PROMPT: Each line in the material below, starting at the one that contains "Front of a yellow" and ending at the one that contains "Wedding guests in", should be repeated exactly; the pictures should not.

RECORDED INFORMATION:

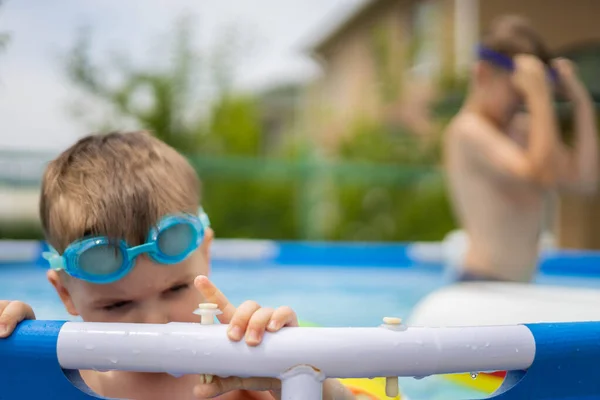 Havuzda yüzen parlak yüzme çemberleriyle küçük bir çocuk.. — Stok fotoğraf
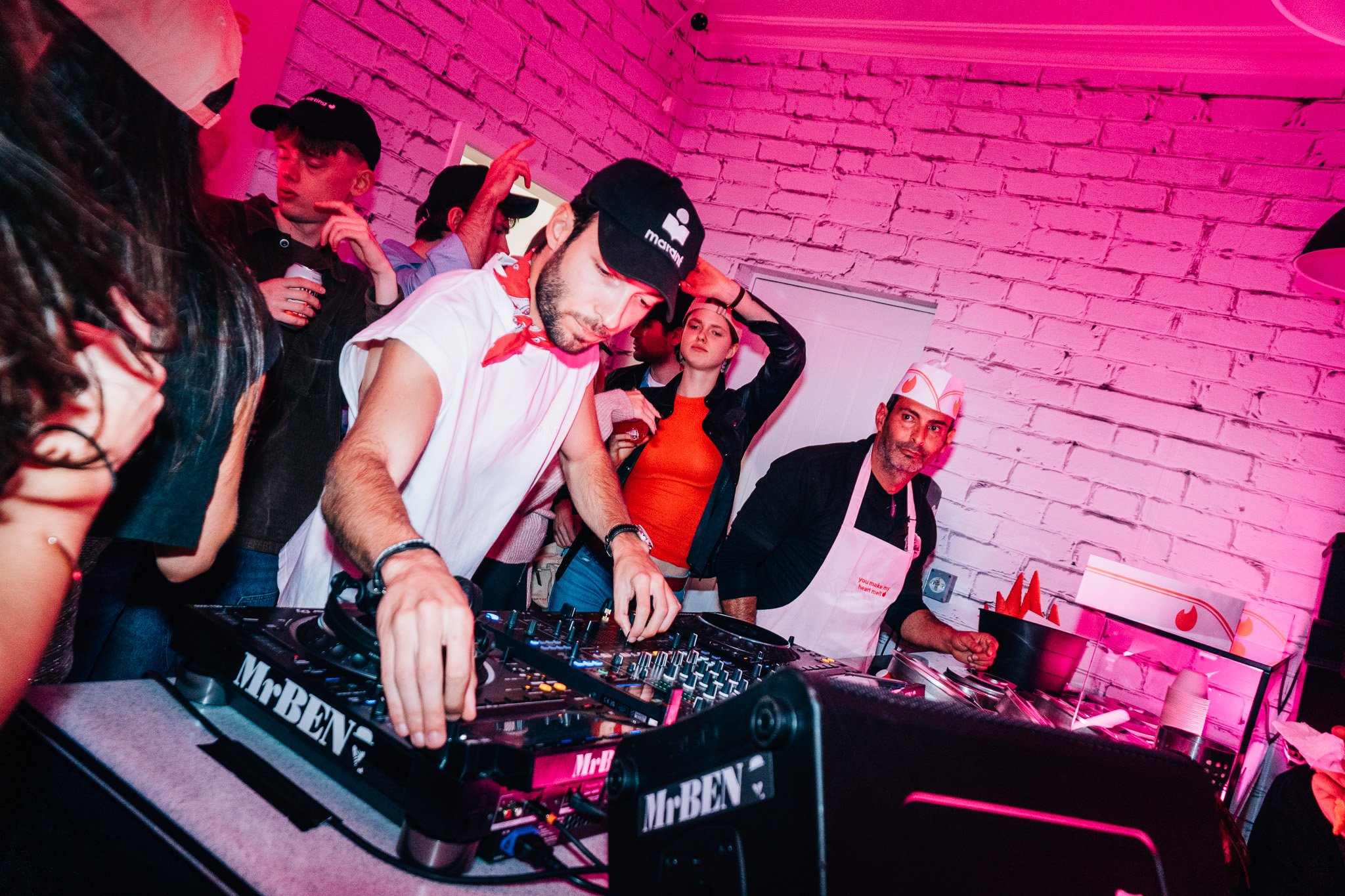 A DJ is performing at a party with pink lighting, surrounded by people, in a room with white brick walls. The DJ is wearing a cap and a white shirt, focused on the mixer, while others watch or dance.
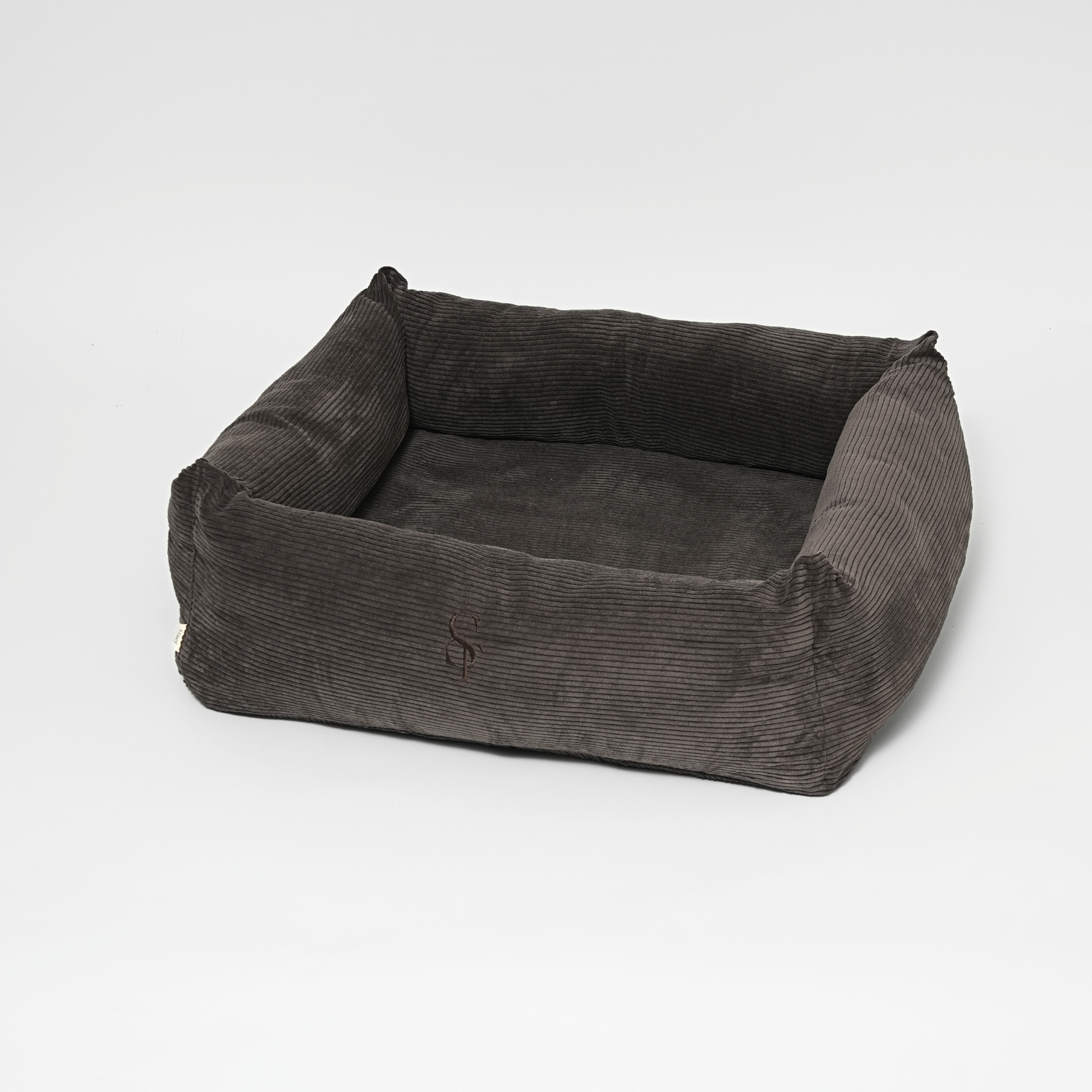 Gray corduroy pet bed on a white background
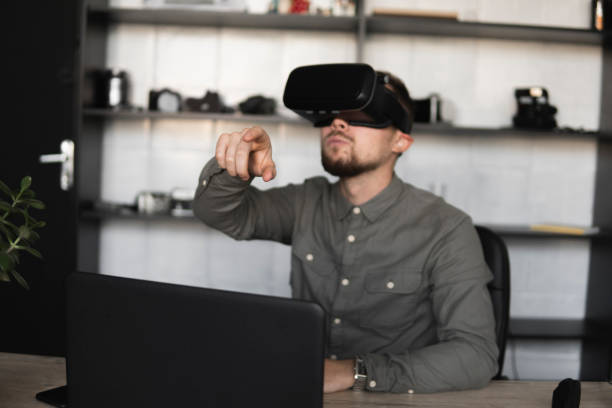 istock Young bearded man sitting against computer with virtual reality glasses trying to touch something or tap some thing in front of what he seeing. Modern technologies. The concept of future technology. 1200105883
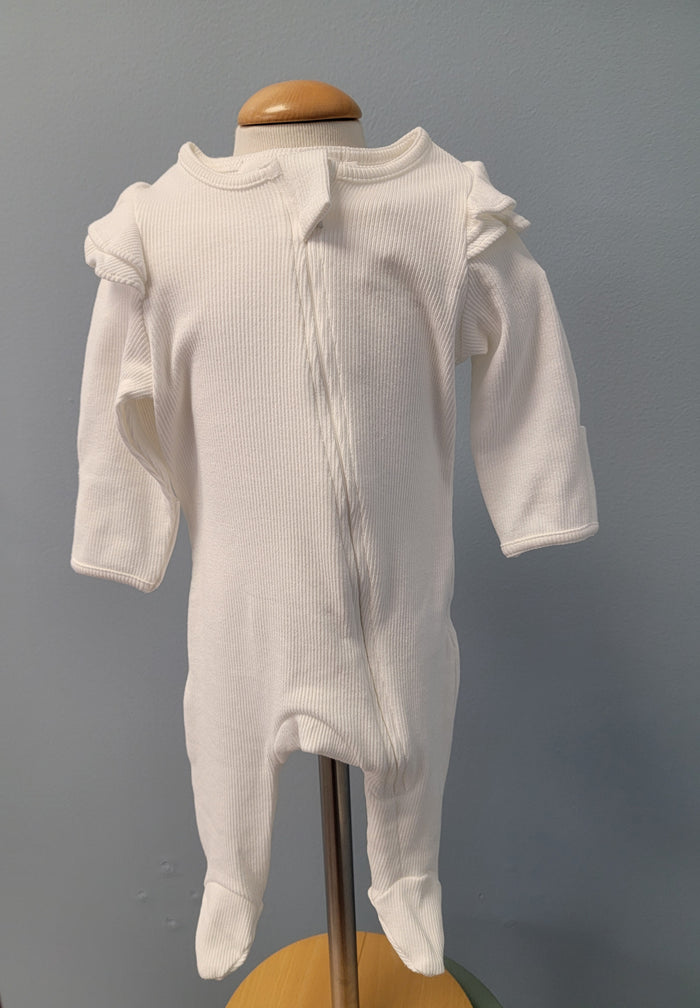 White baby romper with zip front and ruffles.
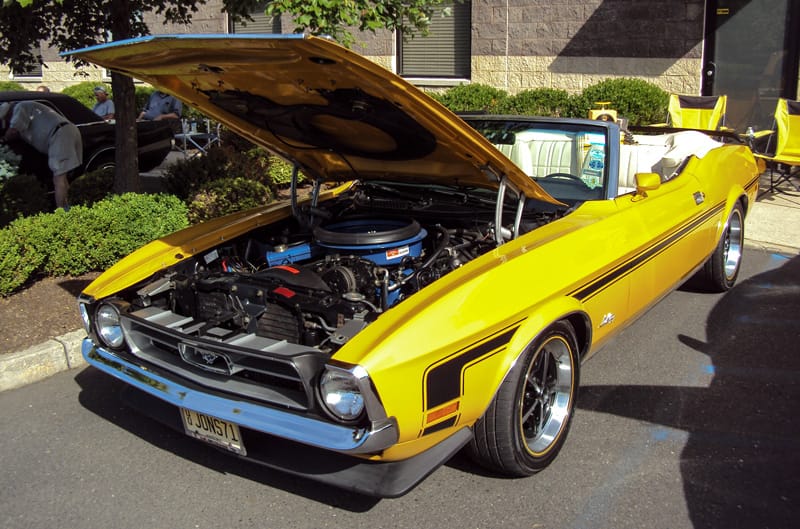 Front of a yellow Mach 1 convertible with hood open in parking lot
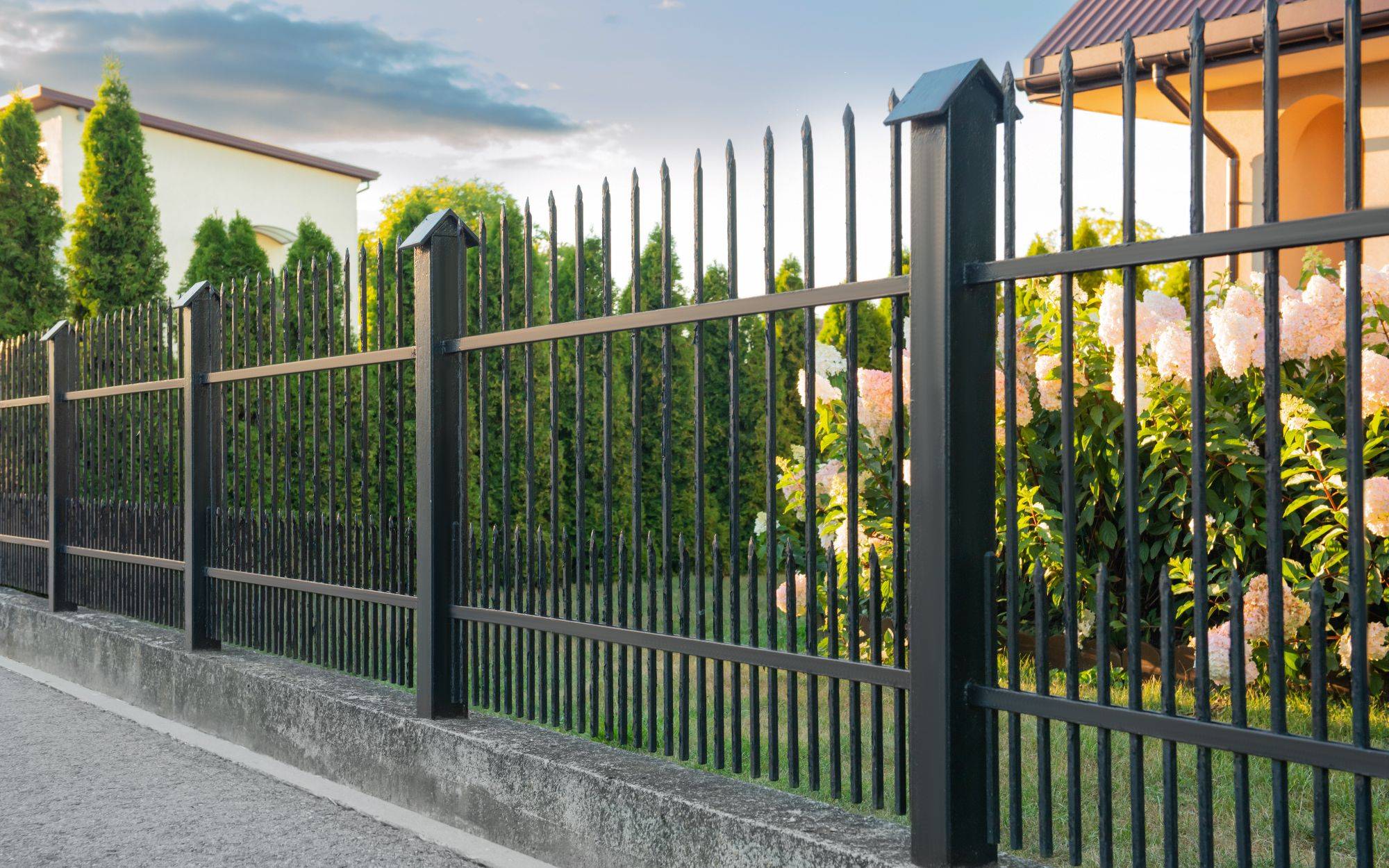 Beautiful Black Iron Fence Near Pathway Outdoors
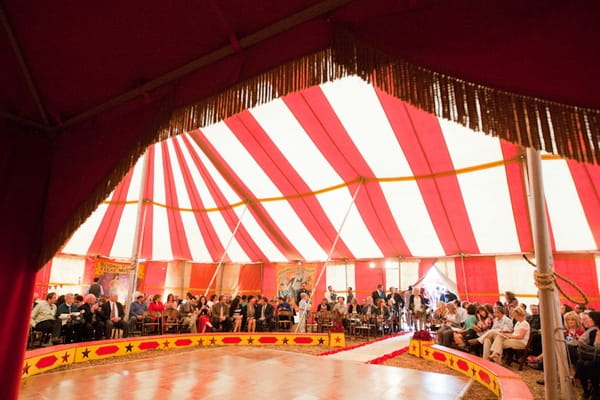 Wedding guests in circus tent for wedding ceremony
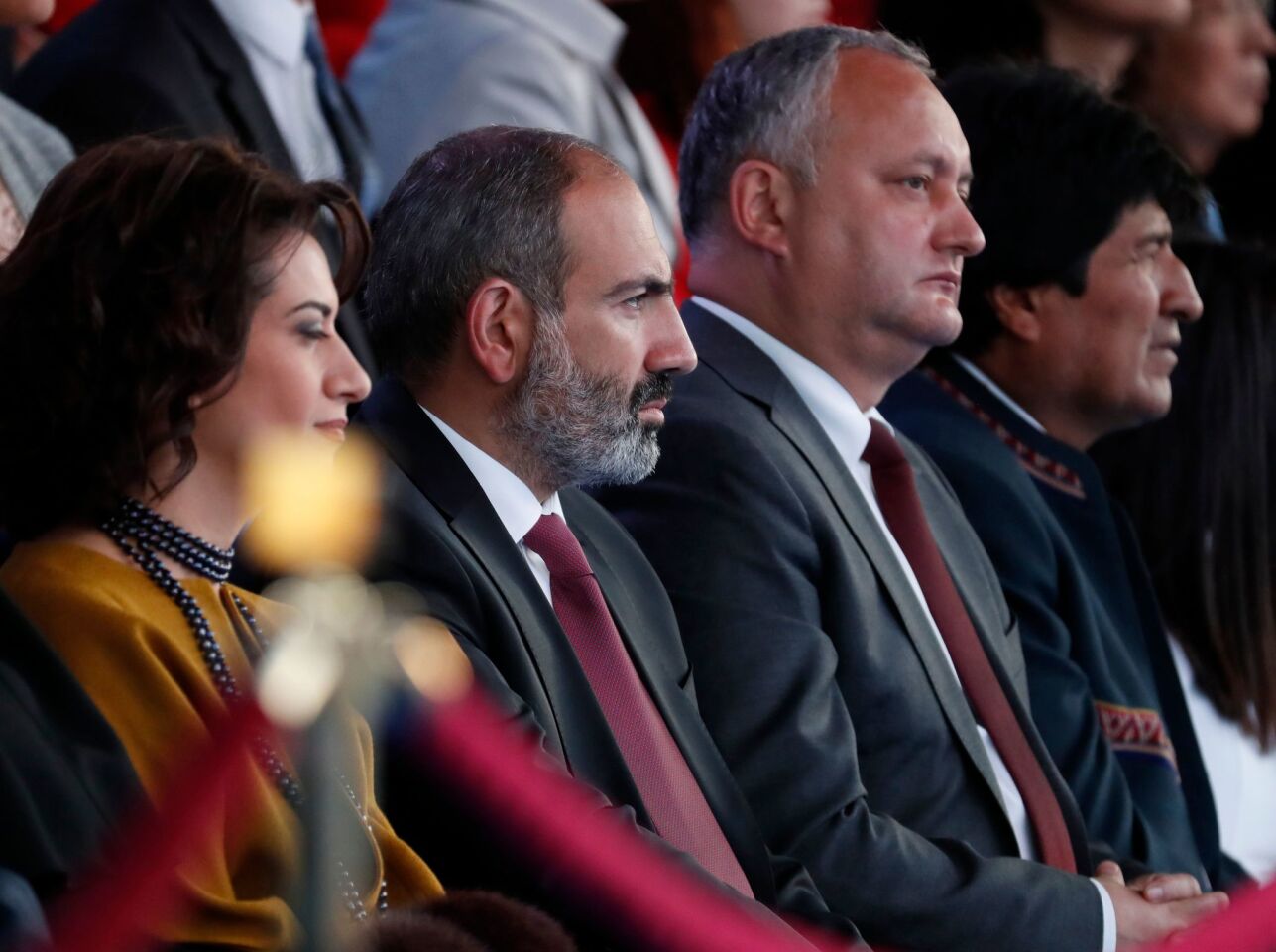 Armenian Prime Minister Nikol Pashinyan (2L), Moldovan President Igor Dodon (2R) and Bolivian President Evo Morales (R) attend a gala-concert dedicated to the Russia 2018 World Cup football tournament at Red Square in Moscow on June 13, 2018. / AFP PHOTO / POOL / SERGEI CHIRIKOVSERGEI CHIRIKOV/AFP/Getty Images ** OUTS - ELSENT, FPG, CM - OUTS * NM, PH, VA if sourced by CT, LA or MoD **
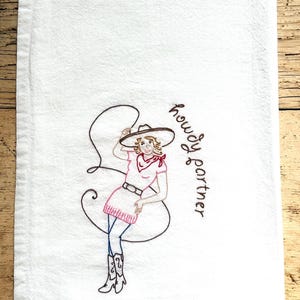 May include: White kitchen towel with an embroidered design of a cowgirl holding a lasso. The cowgirl is wearing a pink top, skirt, and boots, with a red bandana and a cowboy hat. The words "howdy partner" are written in brown.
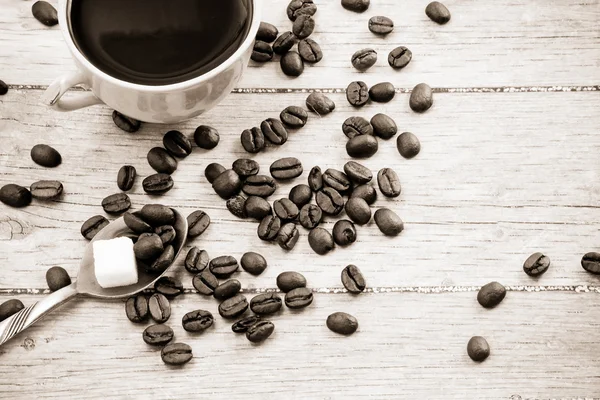 Šálek kávy a fazole, cukru, lžíce. — Stock fotografie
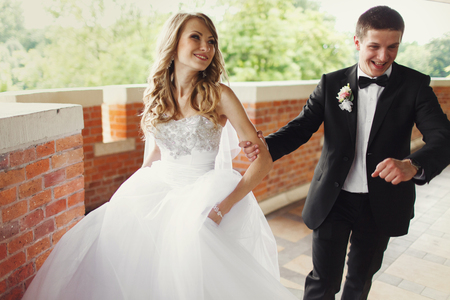 Groom runs along a balcony holding bride's handの写真素材
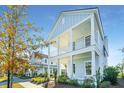 Two-story light blue house with a white porch and balcony, surrounded by landscaping at 389 Watergrass Way, Summerville, SC 29485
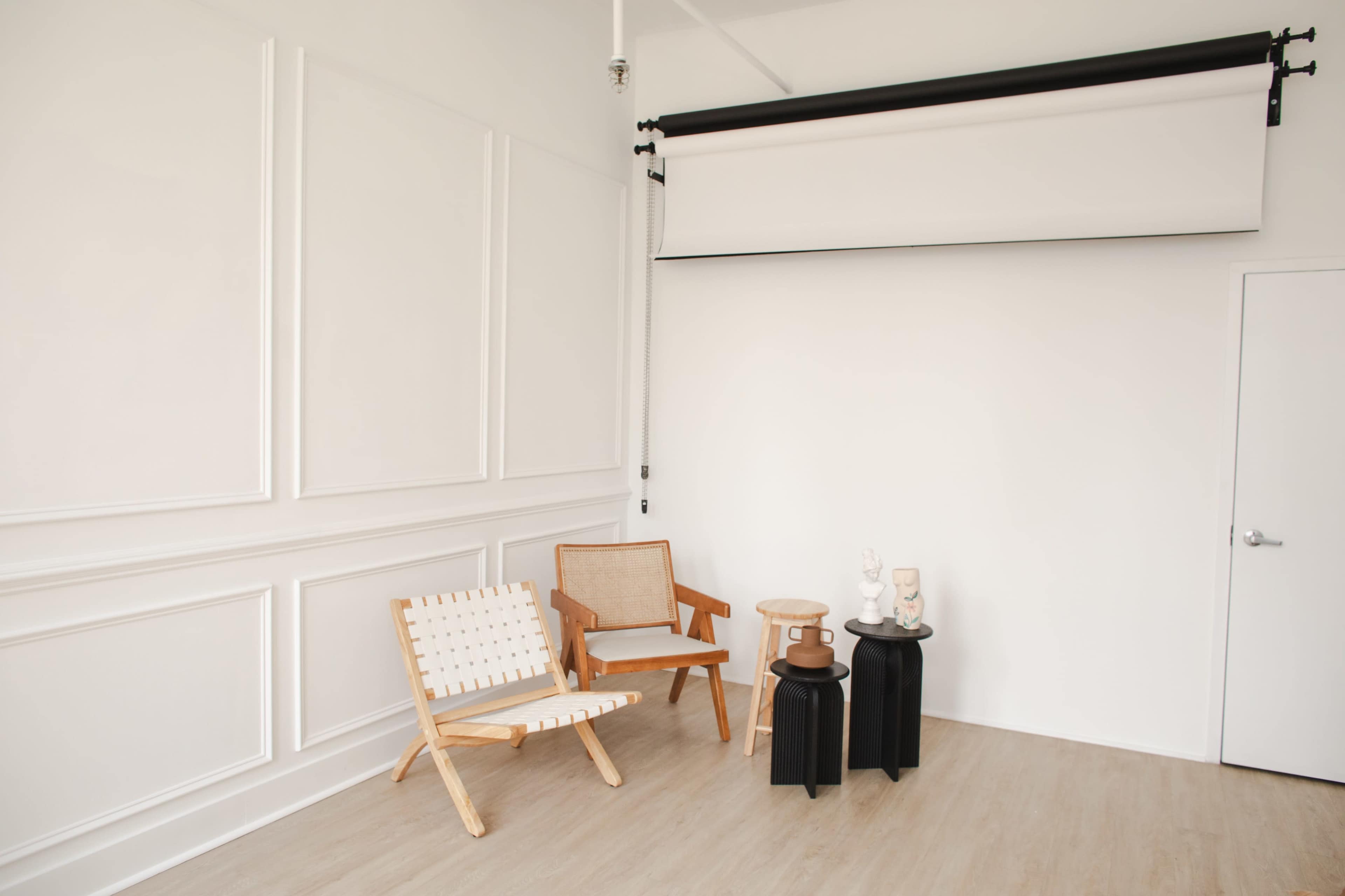 A minimalist interior room with two wooden chairs, a stool, and two small tables against a white wall.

RESPONSE:
 Front of a yellow Mach 1 convertible with hood open in parking lot
 Beautiful Black Iron Fence Near Pathway Outdoors
 Wedding guests in circus tent for wedding ceremony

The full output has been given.